"Polski rząd chciałby wprowadzenia embarga na poziomie unijnym. Innym krajom, które sprowadzają małe ilości rosyjskiego gazu płynnego, takim jak Bułgaria, Łotwa czy Węgry, zależy na tym mniej. Wydaje się, że jesteśmy tu trochę osamotnieni jako największy importer tego produktu w UE, w efekcie czego problem zalewu rynku gazem z Rosji na forum UE przycichł" - powiedziała Gawryś-Osińska w rozmowie z ISBnews.

Następne sankcje w przygotowaniu

Reklama

Według niej, decyzja o kolejnym pakiecie sankcji wobec Rosji prawdopodobnie zapadnie w okolicach przełomu maja i czerwca, ale trudno ocenić, czy znajdzie się w nim gaz płynny.
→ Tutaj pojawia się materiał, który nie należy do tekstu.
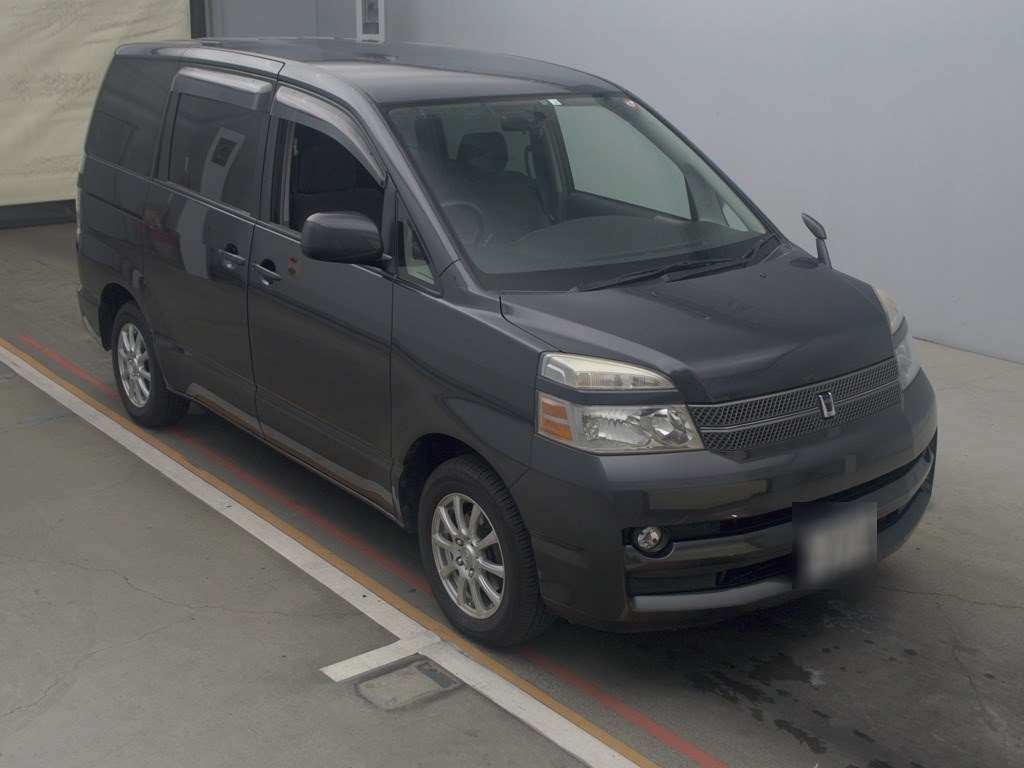 2006 Toyota Voxy AZR60G[2]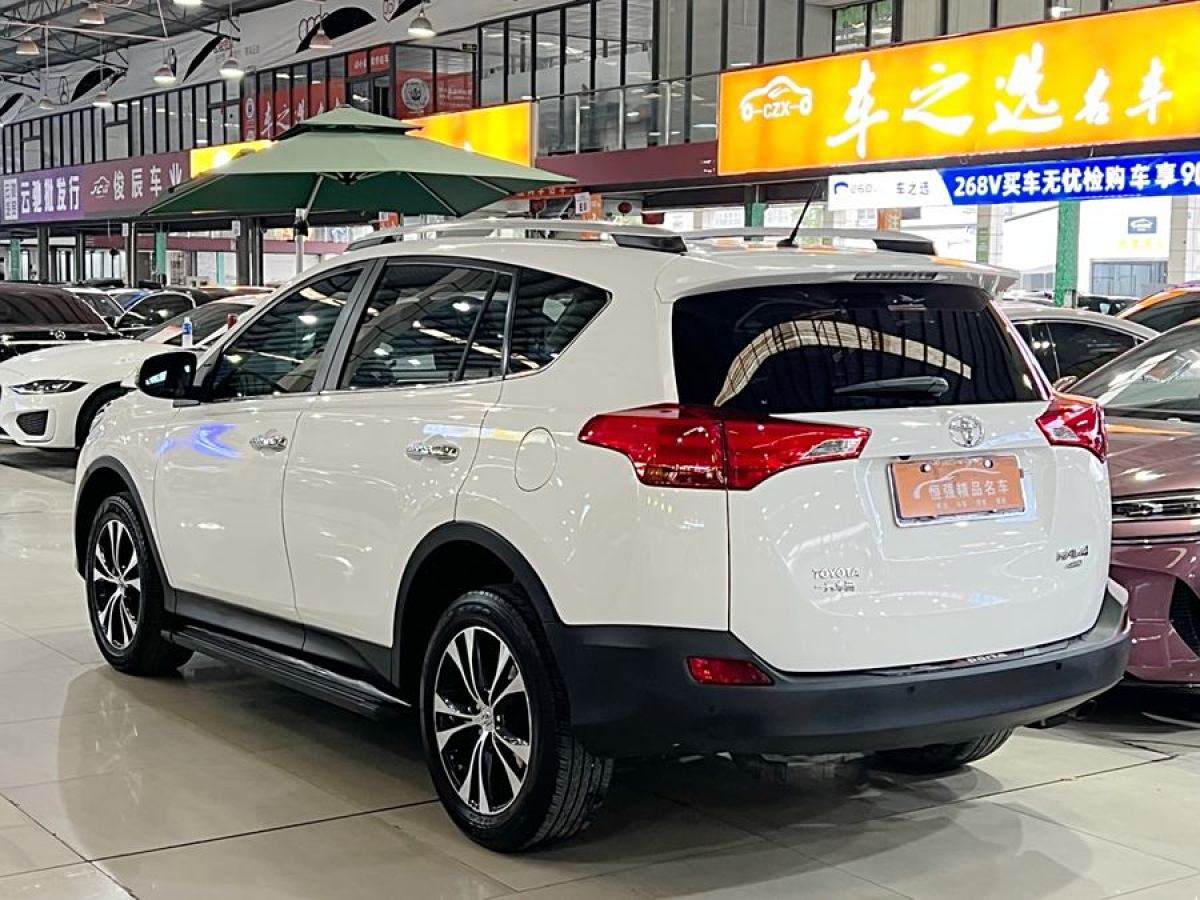 豐田 RAV4榮放  2013款 2.5L 自動四驅(qū)豪華版圖片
"Polska promuje takie rozwiązanie na szczeblu unijnym, ale ewidentnie nie jest to dziś dla Brukseli priorytet. Z drugiej strony, wygląda na to, że rząd nie jest skłonny wprowadzać zakazu importu LPG z Rosji jednostronnie na poziomie krajowym, uważając, że byłby on nie w pełni skuteczny" - dodała prezes.

Poradzimy sobie bez LPG z Rosji

W jej ocenie, polski rynek jest gotowy na wprowadzenie embarga i przekierowanie większości importu na inne kierunki niż Rosja.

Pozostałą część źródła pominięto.